Repeat the lines from the one containing "toms river House: 61 lynn" through the last line of the data, exactly, pictures omitted.

Crawled caption data

+-------+

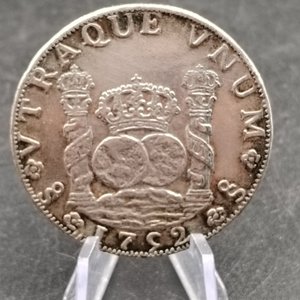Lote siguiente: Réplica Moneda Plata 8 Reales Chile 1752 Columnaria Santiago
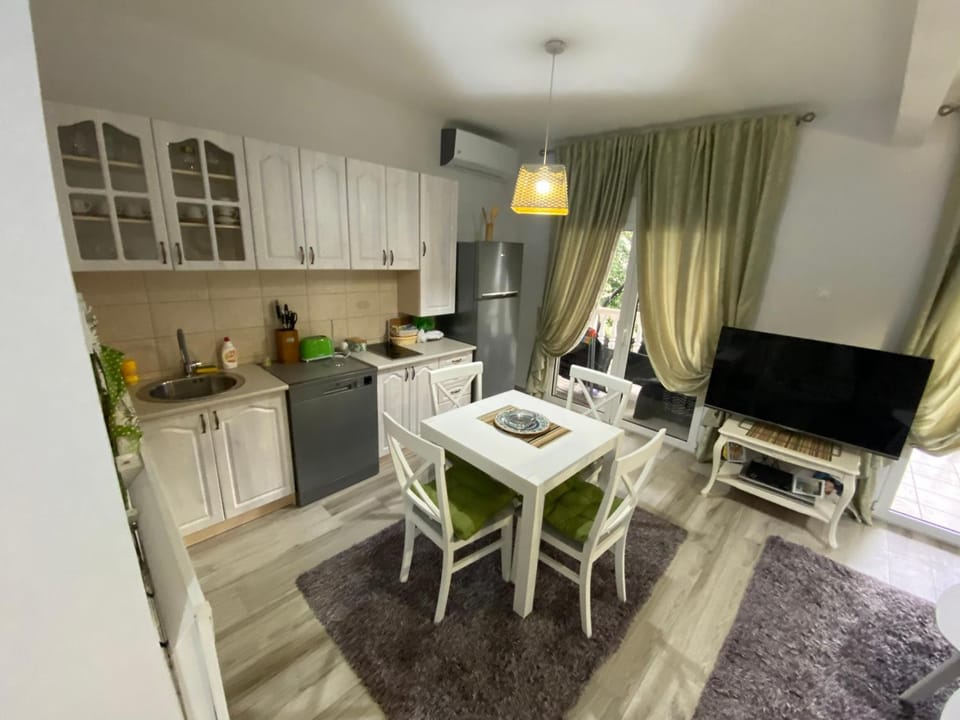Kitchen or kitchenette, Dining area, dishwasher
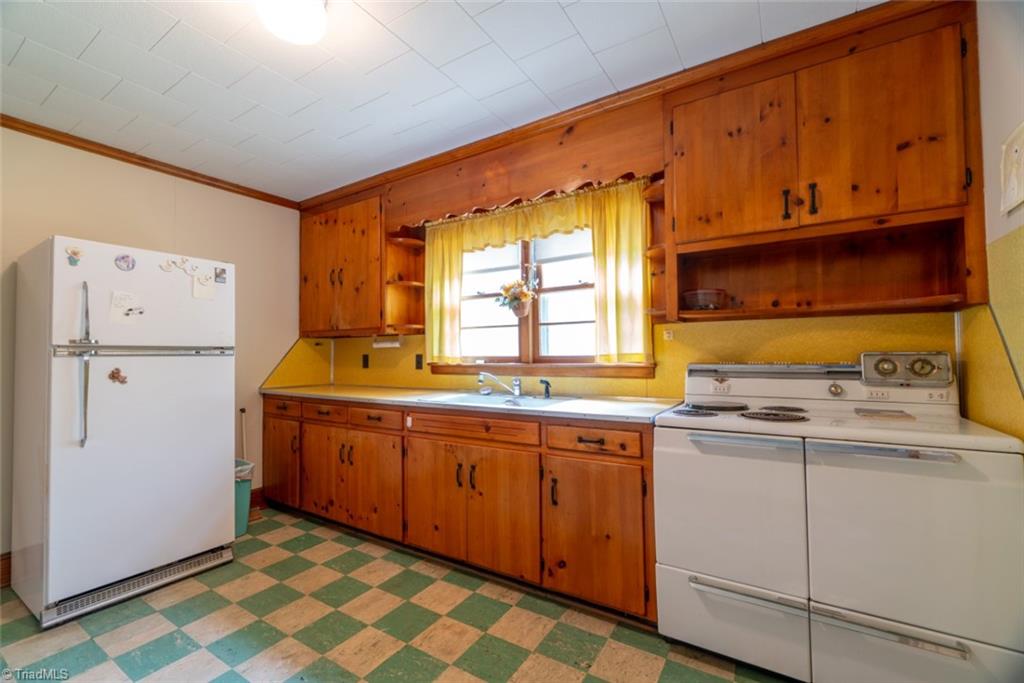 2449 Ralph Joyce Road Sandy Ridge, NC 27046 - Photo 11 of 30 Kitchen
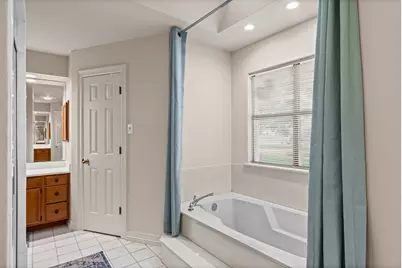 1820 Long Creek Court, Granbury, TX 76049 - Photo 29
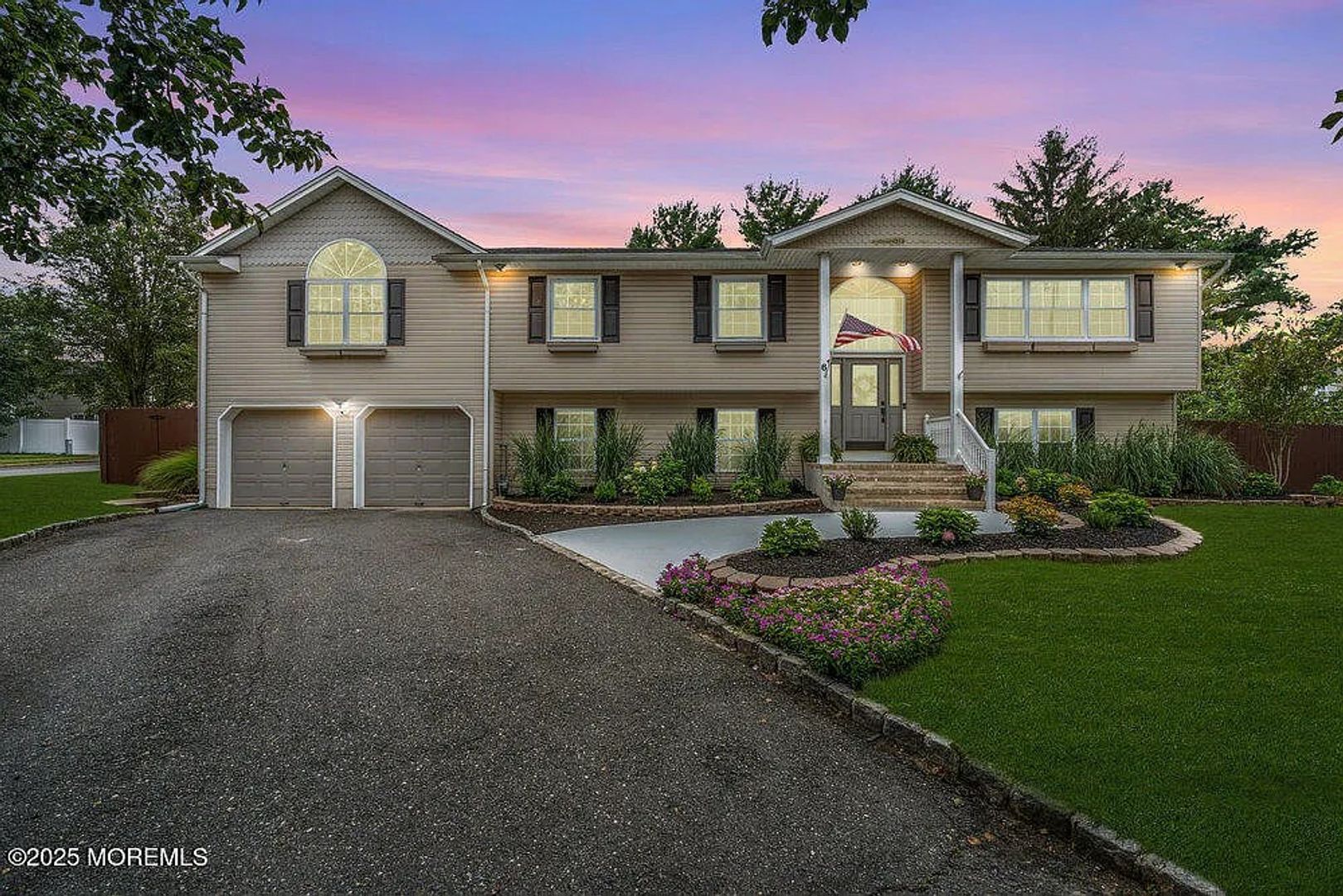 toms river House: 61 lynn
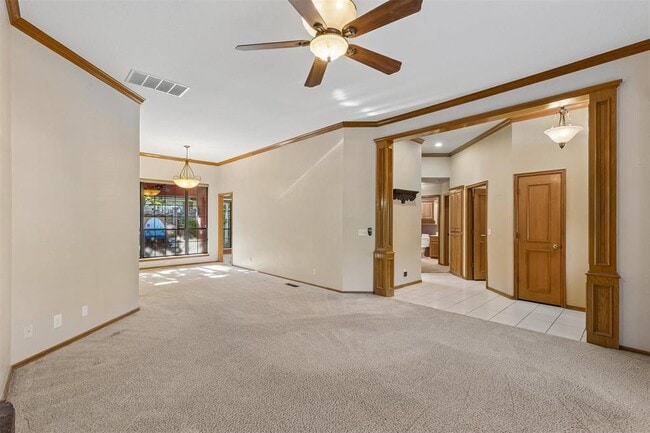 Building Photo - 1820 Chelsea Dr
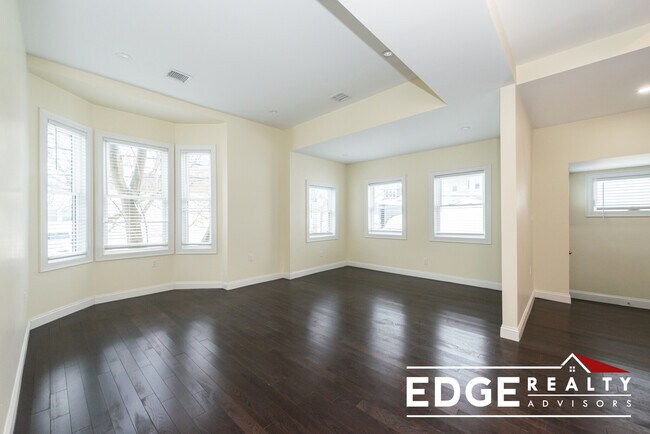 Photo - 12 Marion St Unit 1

+-------+

Exercise answer:
 toms river House: 61 lynn
 Building Photo - 1820 Chelsea Dr
 Photo - 12 Marion St Unit 1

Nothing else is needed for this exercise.